Statement on Academic Structure (ASEC)

Mary Starke, SSHS, Psychology

      

        Although I never thought I would say this, I believe very

strongly that the psychology faculty should be housed under one school.

        The program has expanded exponentially, with 576 students in the

major, 1778 students enrolled in psych courses (fall '03), 17 fulltime

faculty, and anywhere from 10 to 20 sections of psych courses taught by

adjuncts per semester.

        The number of students in the major has more than doubled in the

past seven years, but the number of faculty has not increased. We have

been forced to try and keep up with student demand by employing two to

five temporary fulltime faculty members in addition to numerous adjuncts

for the past five years, but we have not come close to meeting student

demand for our courses. The number of student majors per tenure-track

faculty member is currently 48 to one, but it was 76 to one just a year

and a half ago. (We were allowed to replace two of our retirees within

the last two years.)

        The percentage of courses taught by temporary and adjunct

faculty has ranged from 43% to 58% over the past three years, and the

average number of students per course is 27.7 even when we include the

13 sections of courses that are capped at 15 to 20 students. (Fire-code

restrictions prohibit faculty from admitting extra students in many of

the courses.)

Upper-level courses in the major, and many of the 200-level courses,

close during the first day of senior registration, and we are hard-put

to offer a sufficient number of the required courses so that seniors may

graduate on time. Students complain bitterly (and justifiably) about

being closed out of courses they need for graduation, especially in the

evening program. That is the only black mark the program receives among

the comments collected from graduating seniors during the college's

"exit interviews:" i.e., it is so hard to get into psych classes..

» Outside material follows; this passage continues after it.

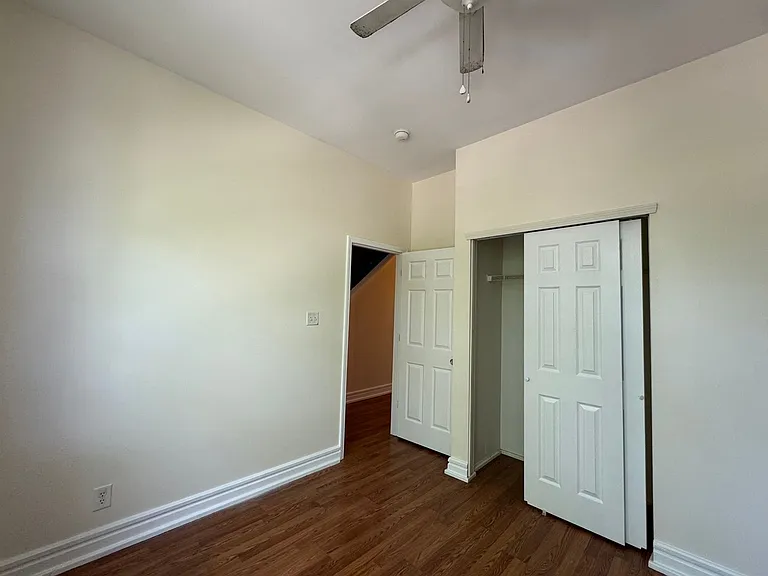 2027 Russell Blvd. — Photo 15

        Basically, we have been hiring two temporary fulltime or

tenure-track faculty every year (often at the end of December for the

following spring semester when one or more of our faculty members are

offered tenure-track positions elsewhere) for the past four years. The

turn-over in faculty has incredibly high due to the use of temporary,

fulltime faculty and adjuncts, but also because of sabbaticals,

retirements, illnesses, release time for administrative office (e.g., to

become dean, VPAA, assistant VPAA,  Middle States chair, and so on), and

the number of non-psych courses taught by psych faculty (e.g., College

Seminar, Senior Seminar, Gen Ed courses, school-core courses, and

courses in the Graduate Science and the teacher education programs) that

the psych faculty teach.

        Given the complexity of the major (four required courses plus

one course from each of five required categories and three elective

psych courses), the exponential expansion in the number of majors in the

program, and the high turnover among fulltime faculty, the

administration of this program has become almost impossible.

Unfortunately, the fact that psychology faculty members are dispersed

among three schools has exacerbated this situation. Just one small

example of the types of problems that occur involves sabbaticals. As

sabbatical approvals do not go through the convening group, we found

ourselves in a situation for next semester where we will have three

psychologist on sabbatical in the spring (and no psych faculty on

sabbatical during this fall semester). That creates a hiring nightmare,

and would not have happened had the convener or either of the deans

involved been apprised of this situation in advance of the approval for

these sabbaticlas. Similar snafus occur with the scheduling of classes

as faculty go through different deans when they do not want to teach

courses that are required by the program.

        Although the unwieldy size of the major insures that it will

never be an easy program to administer, we could offer our students much

better service by eliminating much of the confusion caused by the

dispersal of the psych faculty among three different schools.